(Beginning of AVAILABLE RECORDS)

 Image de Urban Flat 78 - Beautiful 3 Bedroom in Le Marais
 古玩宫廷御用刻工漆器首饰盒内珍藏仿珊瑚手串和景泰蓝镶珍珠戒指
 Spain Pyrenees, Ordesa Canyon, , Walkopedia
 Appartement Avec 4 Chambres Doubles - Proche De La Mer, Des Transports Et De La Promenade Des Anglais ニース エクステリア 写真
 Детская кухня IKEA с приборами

(End of AVAILABLE RECORDS)
(Beginning of AVAILABLE RECORDS)

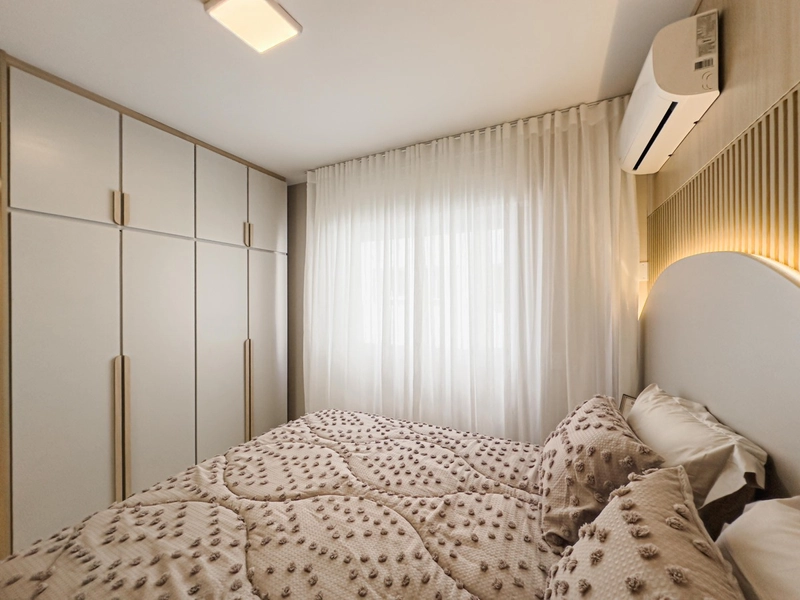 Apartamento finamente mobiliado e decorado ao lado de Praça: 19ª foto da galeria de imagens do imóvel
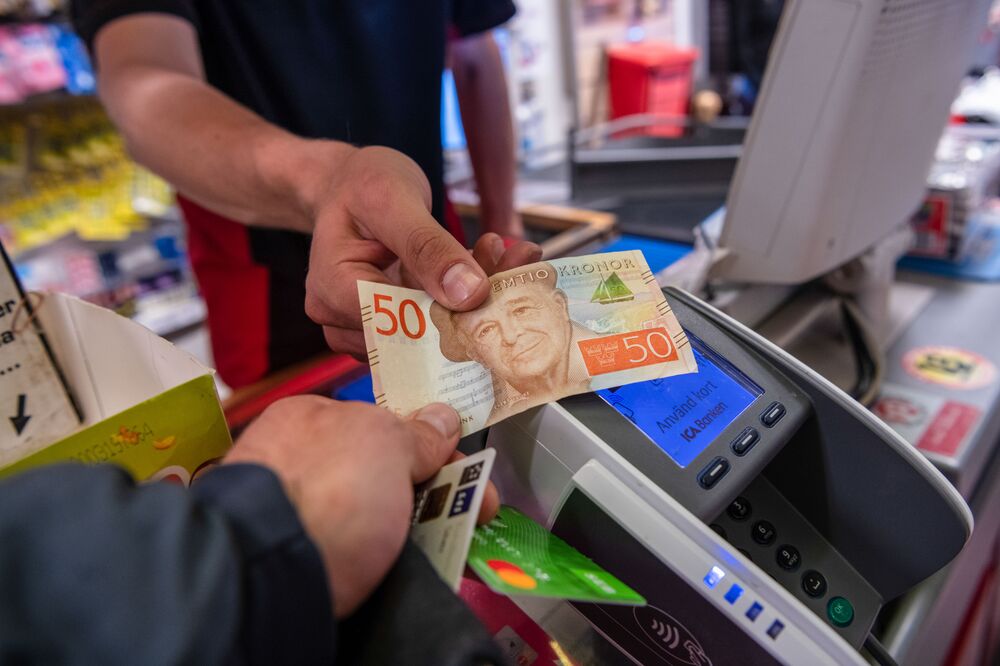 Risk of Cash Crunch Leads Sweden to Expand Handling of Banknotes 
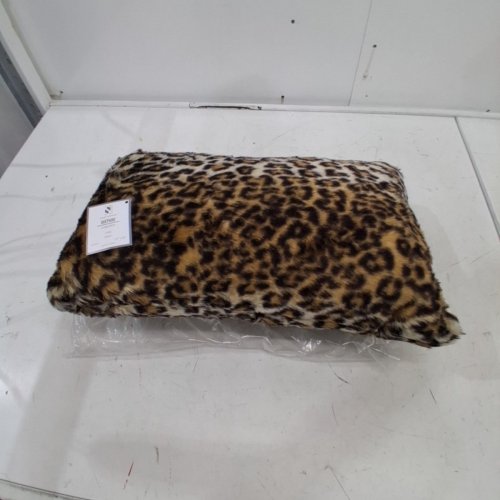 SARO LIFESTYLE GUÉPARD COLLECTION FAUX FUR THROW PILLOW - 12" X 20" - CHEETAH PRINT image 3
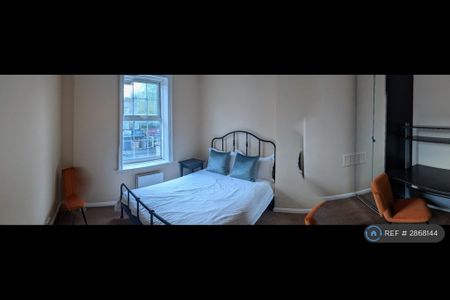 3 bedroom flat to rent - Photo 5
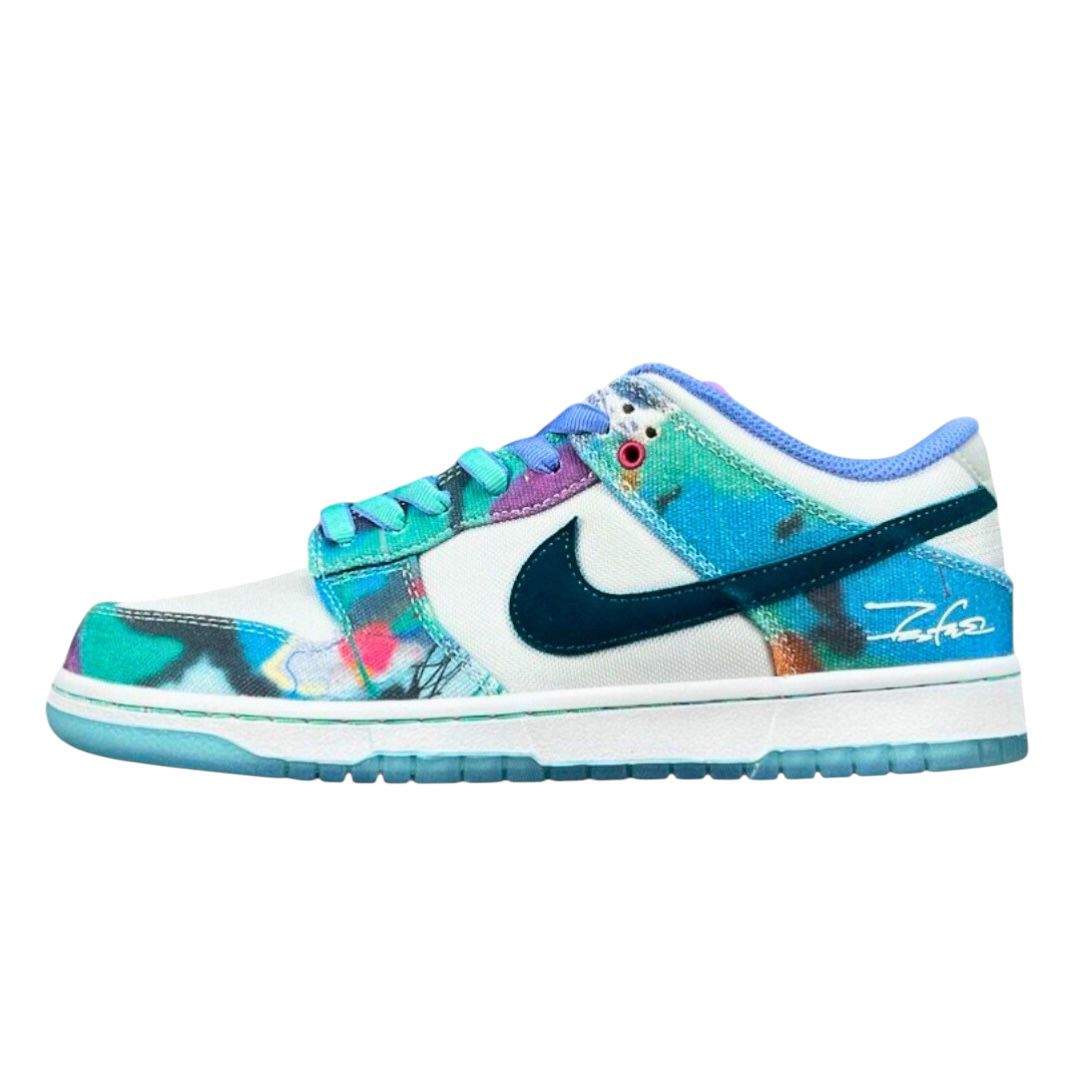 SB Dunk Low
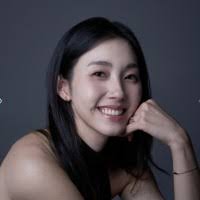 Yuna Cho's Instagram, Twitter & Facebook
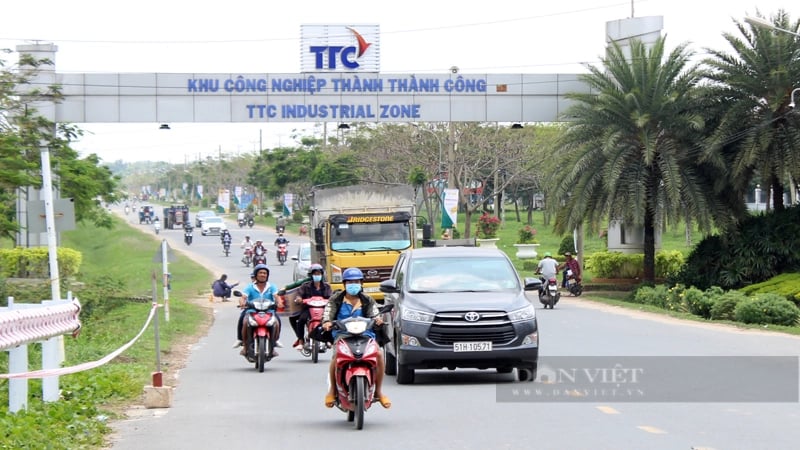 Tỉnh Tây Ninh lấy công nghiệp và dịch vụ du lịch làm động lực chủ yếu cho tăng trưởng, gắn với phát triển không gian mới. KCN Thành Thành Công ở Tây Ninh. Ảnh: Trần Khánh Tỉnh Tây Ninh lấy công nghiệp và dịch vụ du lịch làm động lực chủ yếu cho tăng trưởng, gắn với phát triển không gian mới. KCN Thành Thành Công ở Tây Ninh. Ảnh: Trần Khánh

(End of AVAILABLE RECORDS)

Take the stretch of lines above from the one containing "古玩宫廷御用刻工漆器首饰盒内珍藏仿珊瑚手串和景泰蓝镶珍珠戒指" through the one containing "Детская кухня IKEA с приборами" and repeat it exactly, adding no other line.

## THE ANSWER
 古玩宫廷御用刻工漆器首饰盒内珍藏仿珊瑚手串和景泰蓝镶珍珠戒指
 Spain Pyrenees, Ordesa Canyon, , Walkopedia
 Appartement Avec 4 Chambres Doubles - Proche De La Mer, Des Transports Et De La Promenade Des Anglais ニース エクステリア 写真
 Детская кухня IKEA с приборами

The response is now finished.